Across the whole listing, return each line exactly, with no images included.

[[ Data, beginning ]]

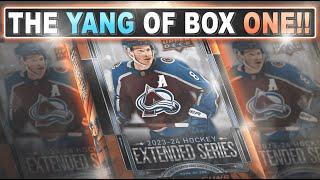 THE YANG OF BOX ONE!!! - 23/24 Upper Deck Extended Series Hobby Box - Hockey Card Break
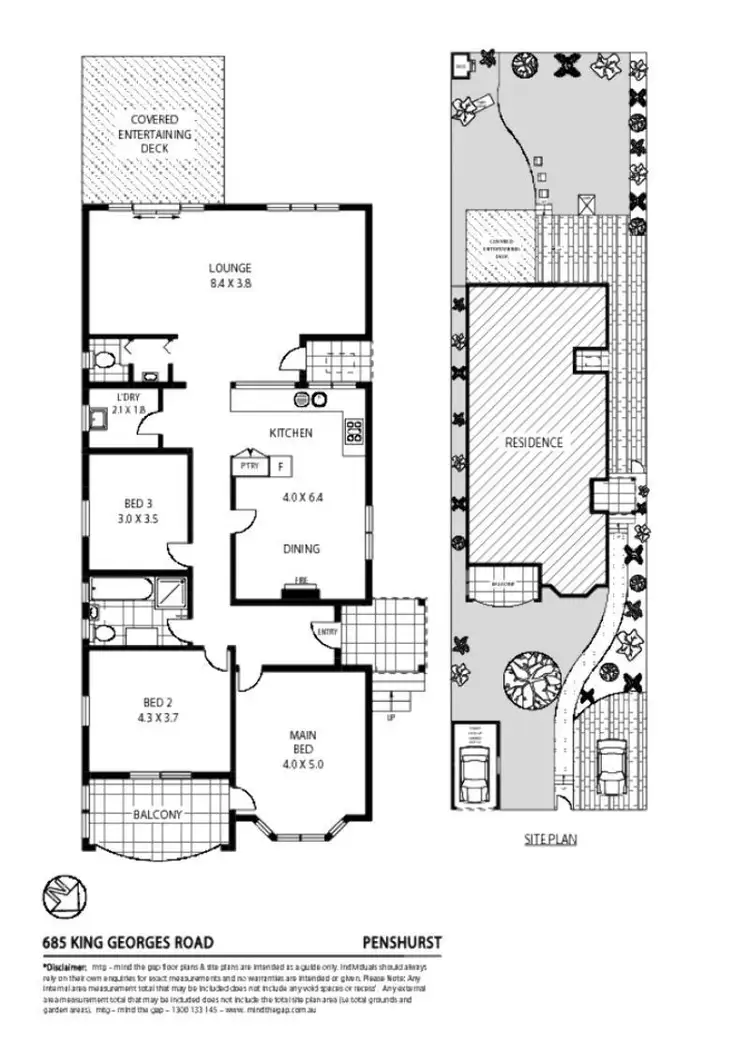 Floorplan of Homely house listing, 685 King Georges Road, Penshurst NSW 2222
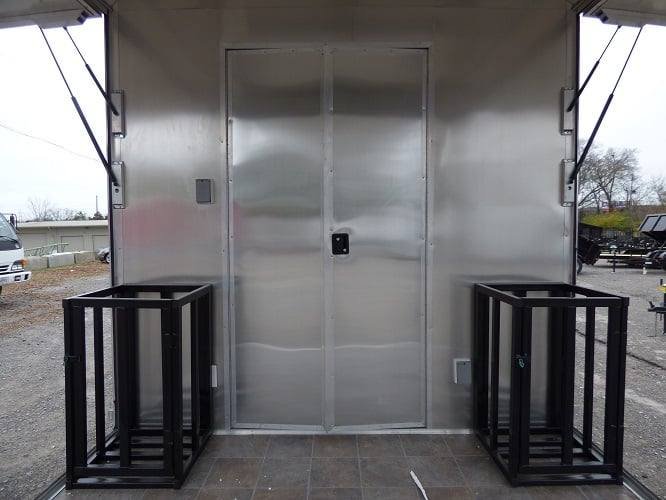 8.5′ x 24′ Silver Frost Catering Event Concession Food Trailer — photo 14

[[ Data, end ]]

Task result |
 THE YANG OF BOX ONE!!! - 23/24 Upper Deck Extended Series Hobby Box - Hockey Card Break
 Floorplan of Homely house listing, 685 King Georges Road, Penshurst NSW 2222
 8.5′ x 24′ Silver Frost Catering Event Concession Food Trailer — photo 14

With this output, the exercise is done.